To get a clearer visual idea about how your data is distributed within the range, you can plot a histogram using R. To make a histogram for the mileage data, you simply use the hist() function, like this:

> hist(cars$mpg, col='grey')

You see that the hist() function first cuts the range of the data in a number of even intervals, and then counts the number of observations in each interval. The bars height is proportional to those frequencies. On the y-axis, you find the counts.

With the argument col, you give the bars in the histogram a bit of color.


How to play with breaks

R chooses the number of intervals it considers most useful to represent the data, but you can disagree with what R does and choose the breaks yourself. For this, you use the breaks argument of the hist() function.

You can specify the breaks in a couple different ways:

  • You can tell R the number of bars you want in the histogram by giving a single number as the argument. Just keep in mind that R will still decide whether that’s actually reasonable, and it tries to cut up the range using nice rounded numbers.

  • You can tell R exactly where to put the breaks by giving a vector with the break points as a value to the breaks argument.

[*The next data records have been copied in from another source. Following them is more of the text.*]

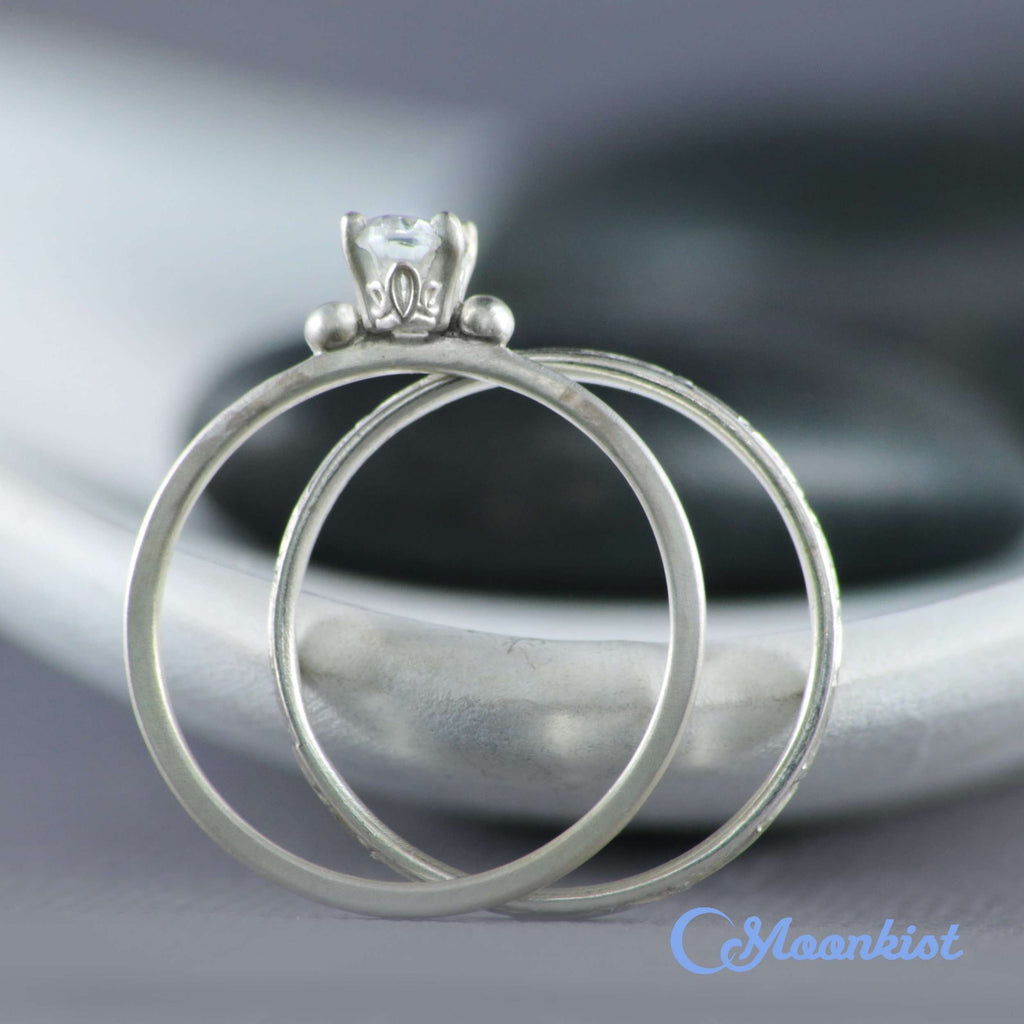 Simple Oval Engagement Ring Set with Textured Silver Band | Moonkist Designs
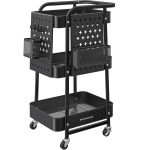 SONGMICS Raft de depozitare mobil tip carucior rulant, pentru baie sau bucatarie, cadru otel, 32x43x74 cm, negru Household NewTrend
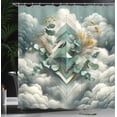 thumbnail image 3 of Ambesonne Eucalyptus Leaves Shower Curtain, Rhombus Clouds, 69"Wx75"L, Grey Teal Earth Yellow, 3 of 4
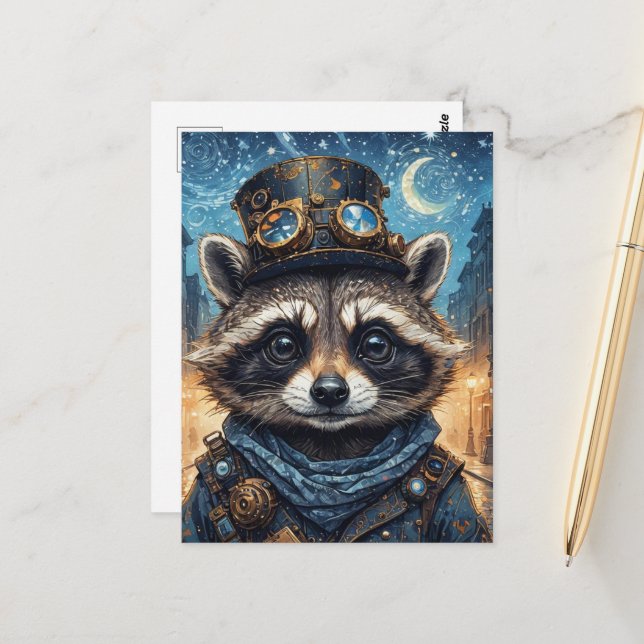Dampf-Raccoon Postkarte (Vorderseite/Rückseite Beispiel)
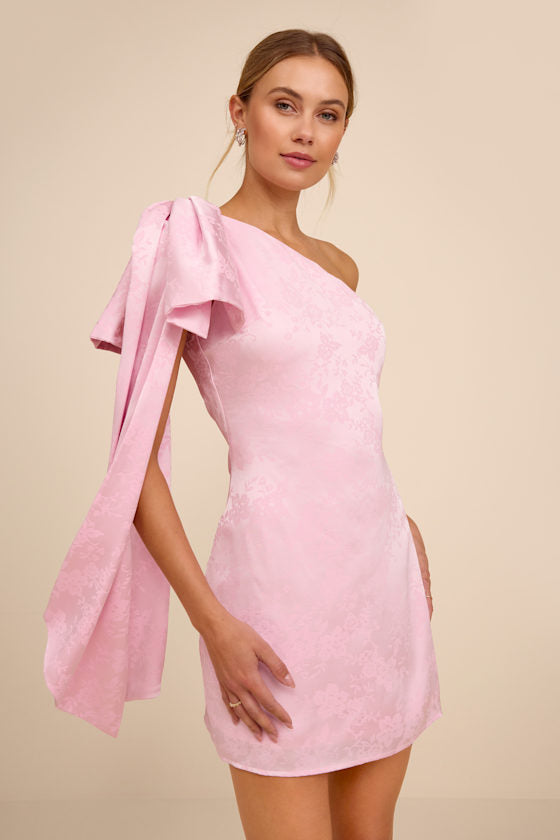 Jayda White Satin Jacquard One-Shoulder Sash Mini Dress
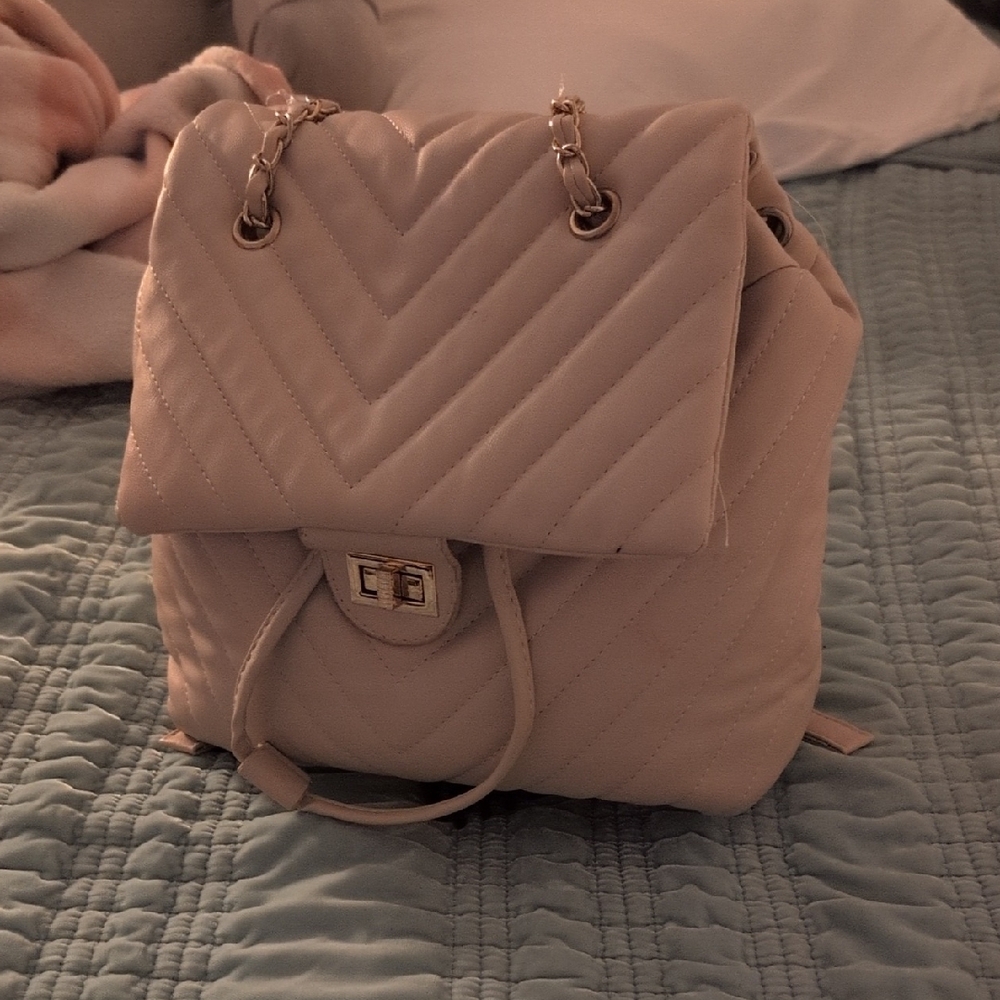 Elegant Cream Quilted Backpack
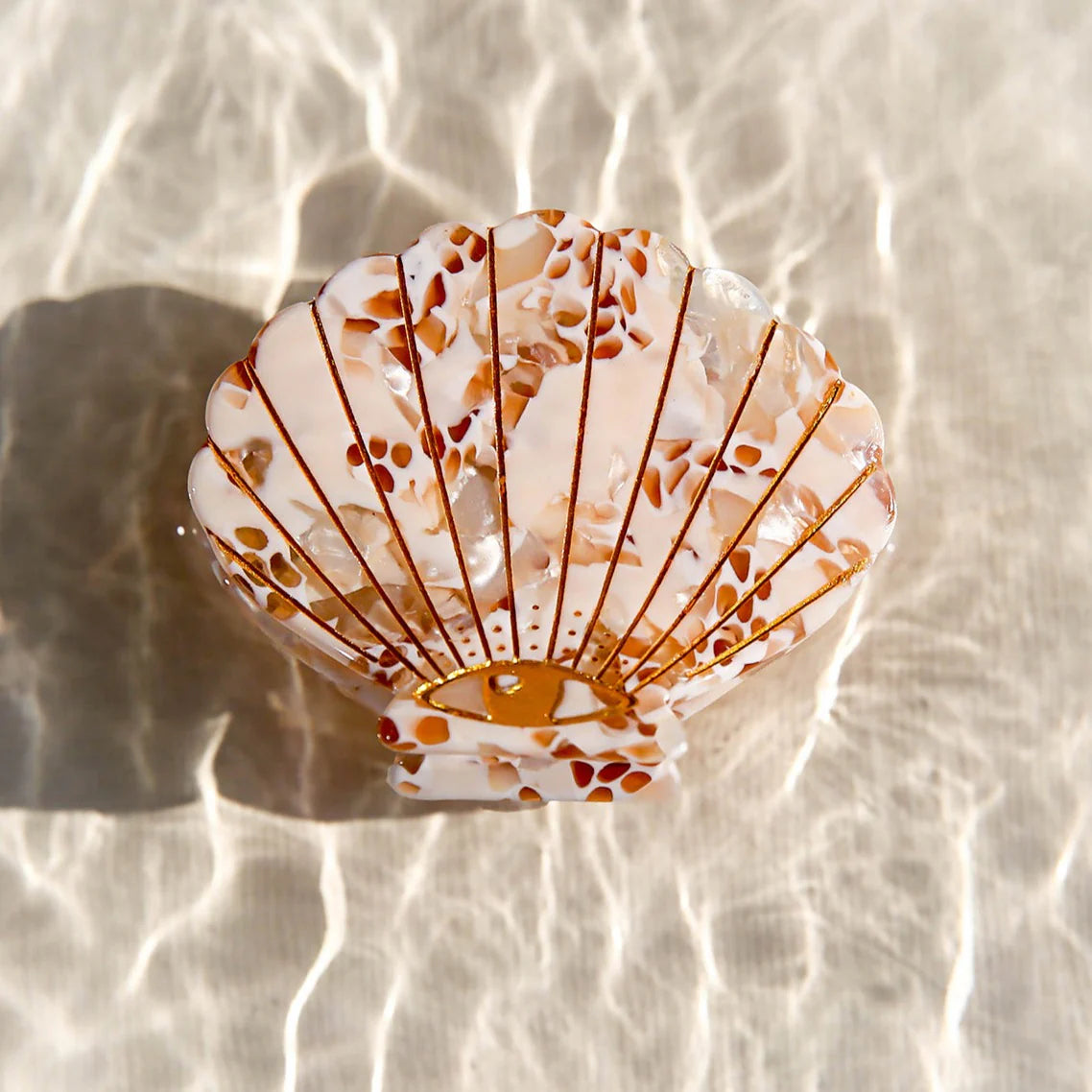 Shell Hair Claw Clip - Honey Terrazzo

So, if you don’t agree with R and you want to have bars representing the intervals 5 to 15, 15 to 25, and 25 to 35, you can do this with the following code:

> hist(cars$mpg, breaks=c(5,15,25,35))

You also can give the name of the algorithm R has to use to determine the number of breaks as the value for the breaks argument. You can find more information on those algorithms on the Help page ?hist. Try to experiment with those algorithms a bit to check which one works the best.